Asbury Park boardwalk (Facebook)

Asbury Park is undoubtedly a different city than it was years ago. A vibrant downtown, an eclectic entertainment scene, and beautiful ocean have made it an attraction for visitors and a new wave of residents. However, while much of the city is enjoying the fruits of an overall safer Asbury Park, police are contending with a spike of gun violence that has dozens dead or injured.

The city has had 43 shooting for the year, a large amount for a municipality that is just 1.4 square miles. However, police note the shootings are concentrated to one part of the city, a southern section on the city's west side. That community of just over five thousand homeowners, mostly lower income and African American, is in general a hotspot for crime. Over half of the city's robberies and most of the drug trade is in that area.

Asbury Park police say while overall violent crime is down, the increase in gun violence is not only primarily relegated to one part of the city but also believed to carried out by many of the same actors.

"Most of the violence in terms of gun violence have not been random acts of violence," Says Asbury Park Detective Captain Anthony Solerno. He notes one of the biggest problems they have dealing with this kind of violence is getting support from the community.

The police department has directed much of their over 80-person police force towards the high crime areas and a narcotics and gang unit has been active, taking over a hundred guns off the street in the past year. Though Solerno points out, more police isn't the magic bullet solution.

"These acts of violence are planned, and when they're planned, they planned to take place when there is no police officers in the area."

He says what they are missing is true support from the community.

"The public does not come forward as witnesses, most people anonymously and even if they do speak to us, refuse to cooperate through investigations."

However, Monmouth County Acting Prosecutor Chris Gramiccione says any kind of information is still welcome and info can be taken anonymously.

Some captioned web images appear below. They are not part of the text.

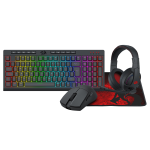 KIT REDRAGON 4 EN 1 S147-SP TECLADO K515 SPANISH NEGRO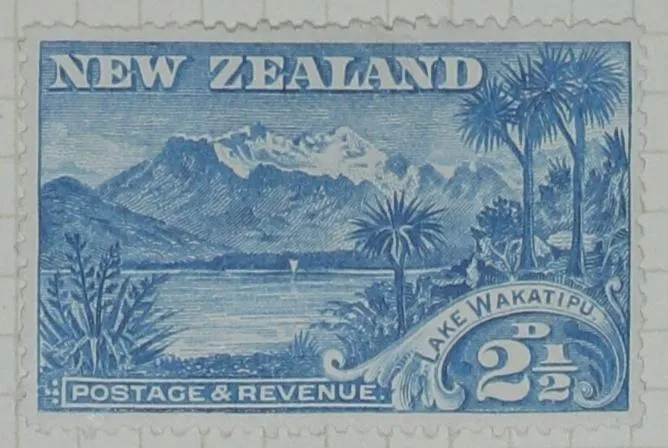 Stamp: New Zealand Two and a Half Pence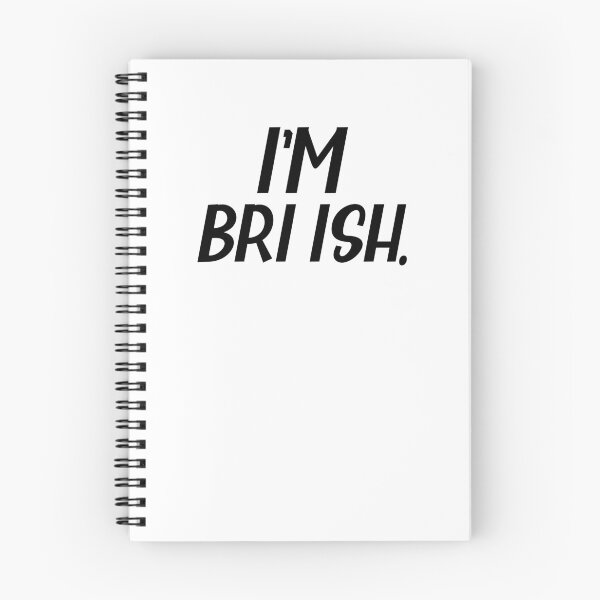 Item preview, I am British or I'm Bri ish a Misspelled Funny British Accent  designed and sold by Dexter Freeman.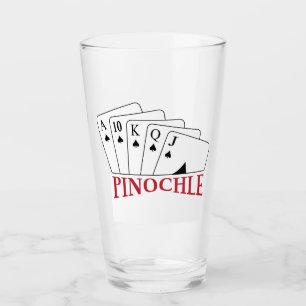 Pinochelkarten Glas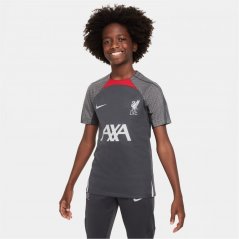Nike Dri-FIT Liverpool FC Strike Short Sleeve Top Juniors Anthracite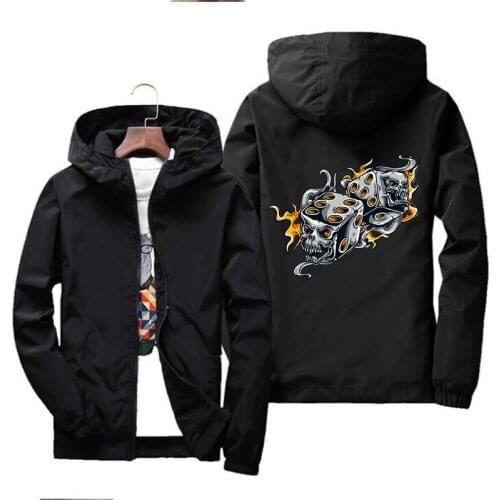 Dice Skull Iron on Heat Transfer Printing Patches Stickers for Clothes T-shirts DIY Appliques A-level Washable Patch Wholesale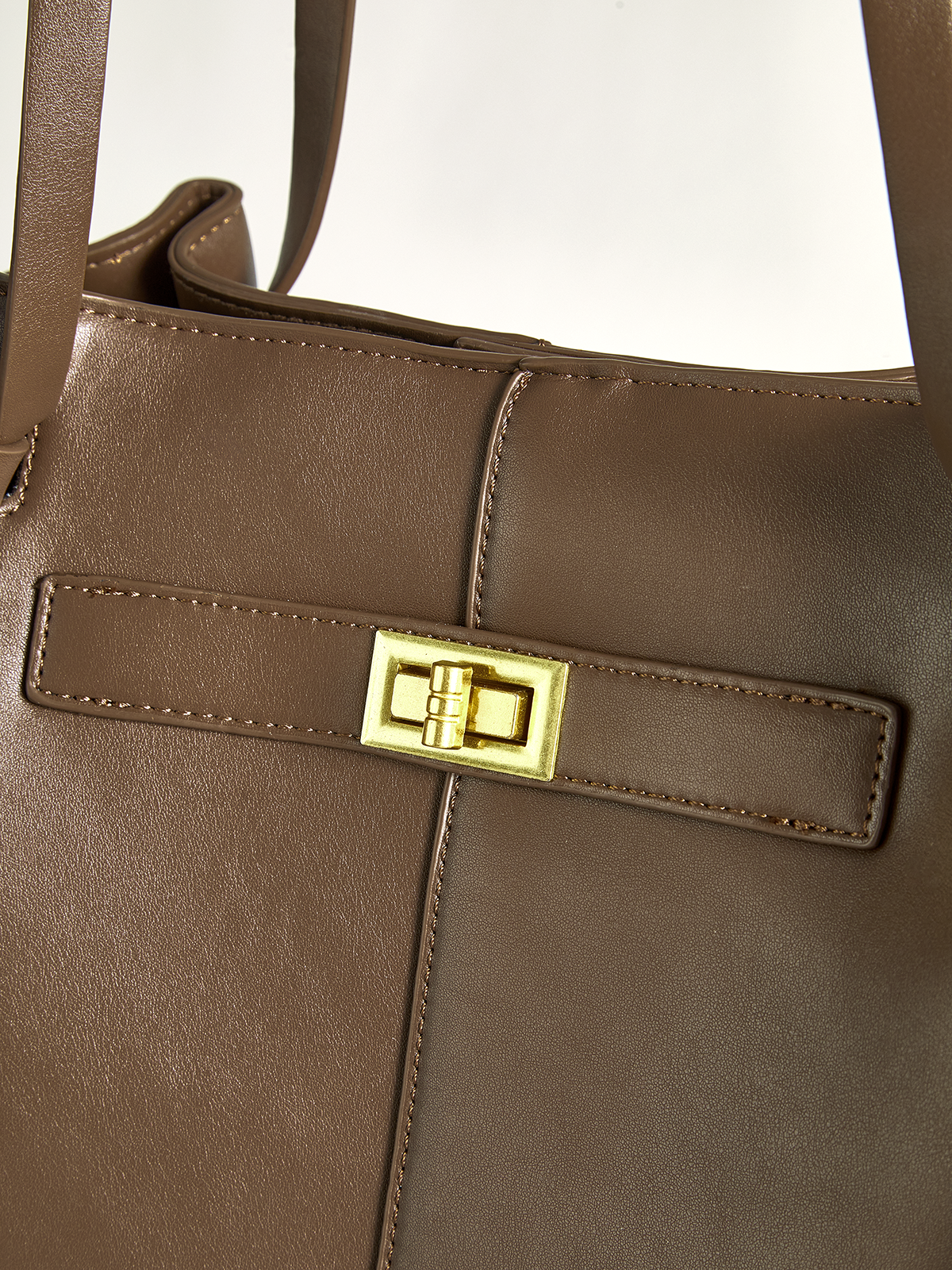 Sac fourre-tout surdimensionné en cuir PU 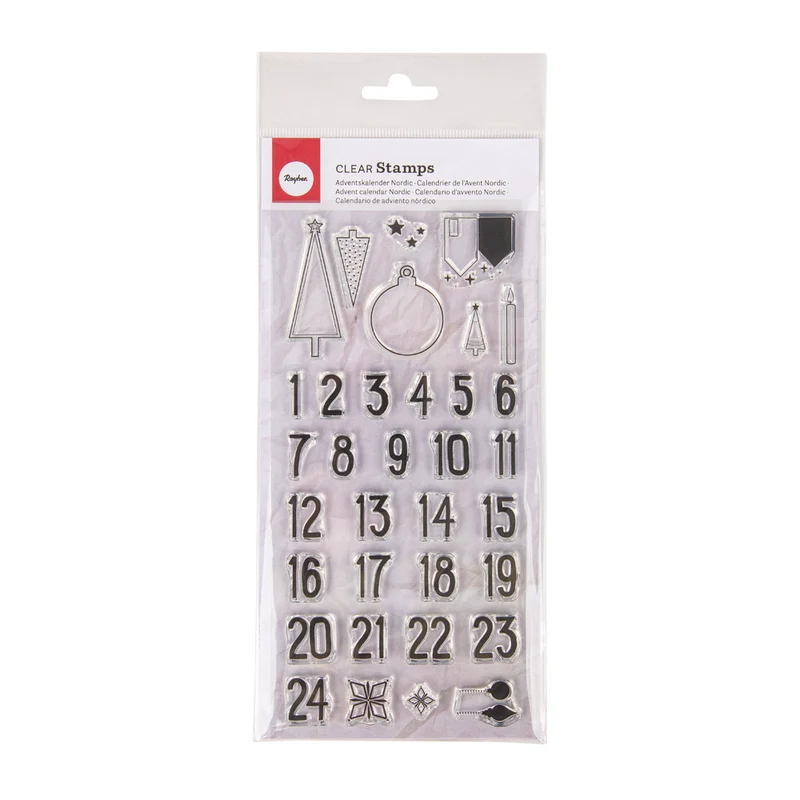 Clear Stamps Adventskalenderzahlen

"I think there's a misconception in cities like Asbury where if you provide police officers confidential information…that it means automatically you're going to be sitting on the stand eyeballing a person in court as someone you saw committing a particular crime. The reality is in 90 plus percent of the cases, that's not the situation."

He notes his office is dealing with a mentality of "Don't Snitch" that purveys not only Asbury Park, but cities throughout the country.

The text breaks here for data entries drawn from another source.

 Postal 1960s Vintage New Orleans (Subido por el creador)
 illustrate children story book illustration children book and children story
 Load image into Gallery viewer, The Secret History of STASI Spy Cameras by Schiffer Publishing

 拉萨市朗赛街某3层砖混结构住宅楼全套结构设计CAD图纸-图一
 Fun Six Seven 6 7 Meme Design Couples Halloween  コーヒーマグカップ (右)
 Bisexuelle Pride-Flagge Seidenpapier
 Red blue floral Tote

"What I'm trying to do is just rid the public of the notion that every time you communicate information it means you're going to be publicly identified as someone who ratted, who snitched. That's not the case here."

Solerno says for there to be lasting changes, the judicial system needs to prosecute and keep them off the streets, and the community needs to demand it.

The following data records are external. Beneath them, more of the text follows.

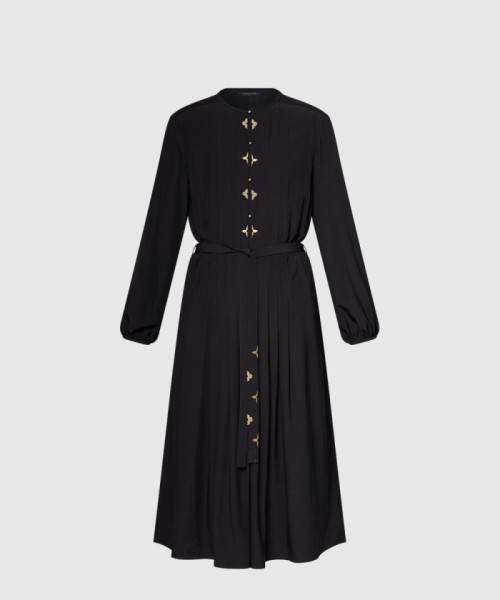 [LOUIS VUITTON-루이비통]모노그램 플라워 플리츠 드레스 1AGOP3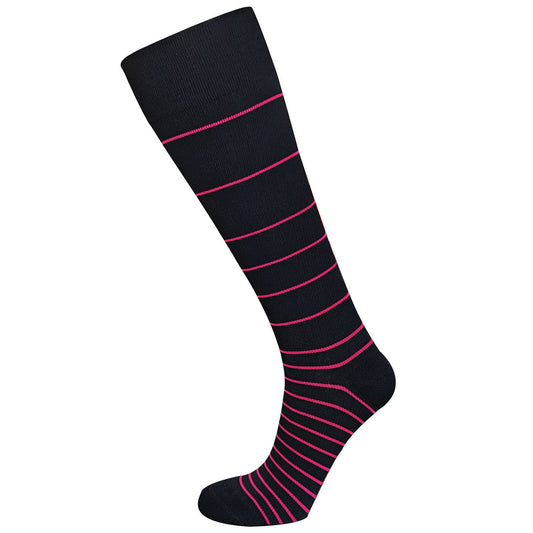 AW 650 Stripe Knee High Socks 15-20 mmHg - AW Style 650 Stripe Knee High Socks - 15-20 mmHg Pink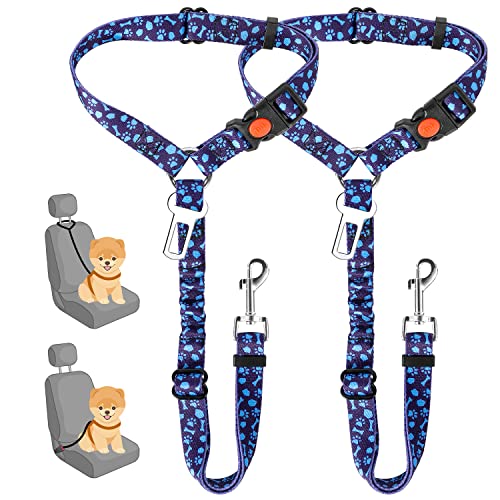 Dog Seat Belt for Car (B.Blue Paw)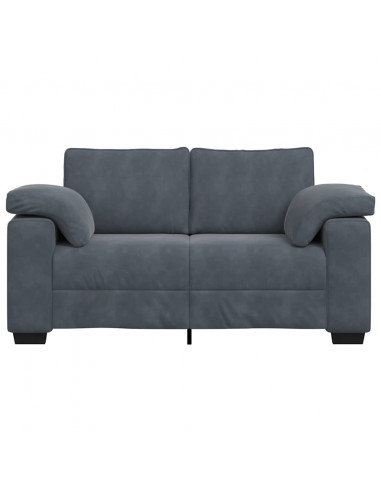 Divano Divanetto Grigio Scuro 120 cm in Velluto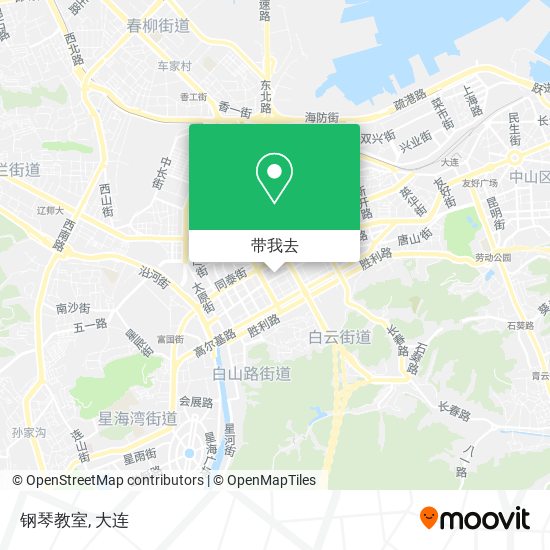 钢琴教室地图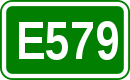Zeichen der Europastraße 579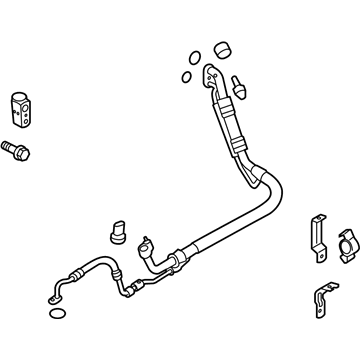 Hyundai Equus A/C Hose - 97775-3N800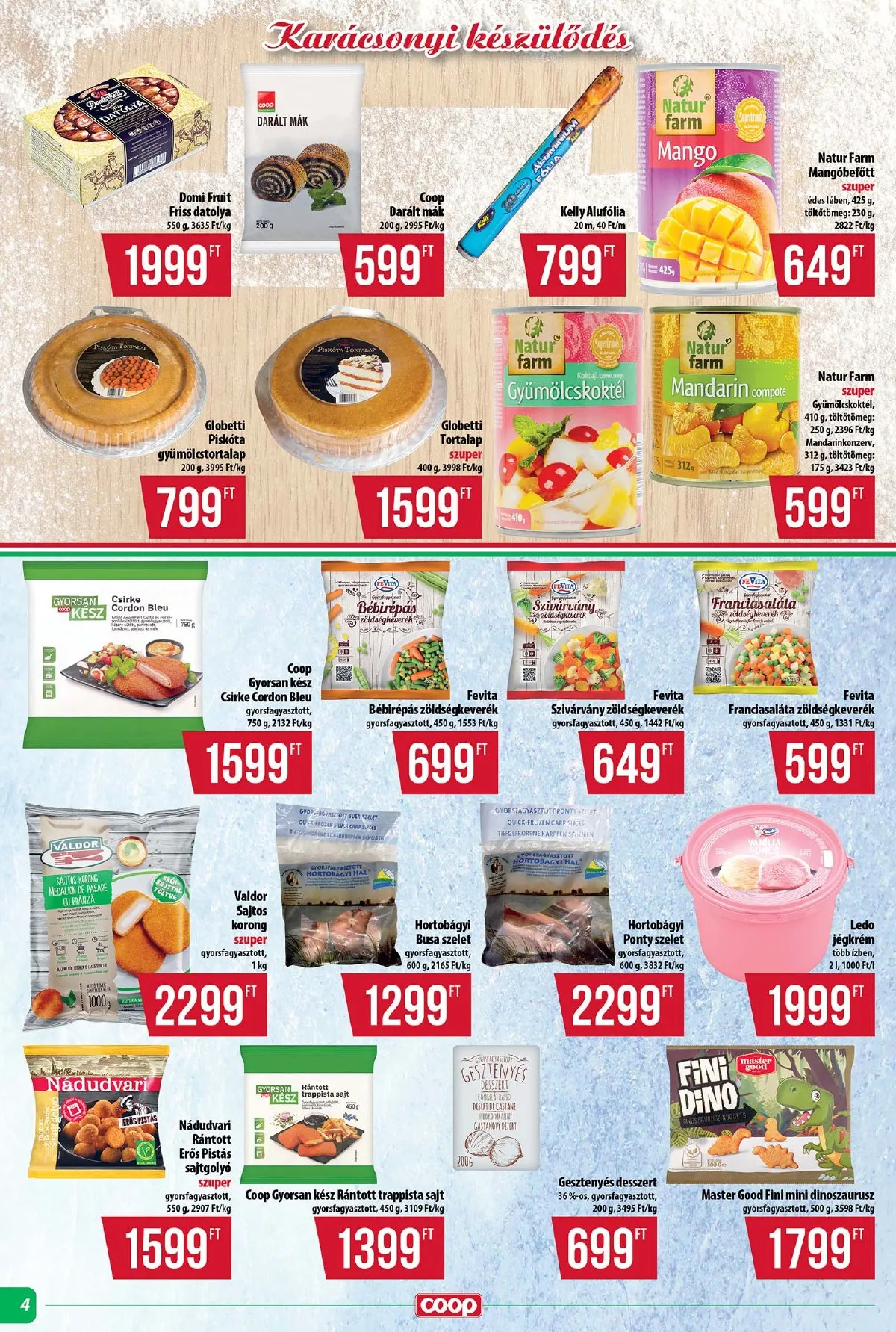 Coop akciós újság Tisza 12.11–12.17 – 4. oldal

He points out with Mark Kinmon taking over duties as police chief for the city, there has been drastic improvements to the way they fight crime. Notably the amount of outside agencies Kinmon has brought in to assist in catching criminals.

"We have had many outside agencies assisting us. From the state police to ATF, DEA, FBI, United States Marshalls, Monmouth County's Sheriff's, as well as our primary partners the Monmouth County Prosecutors Office. That's a large contingent of assistance."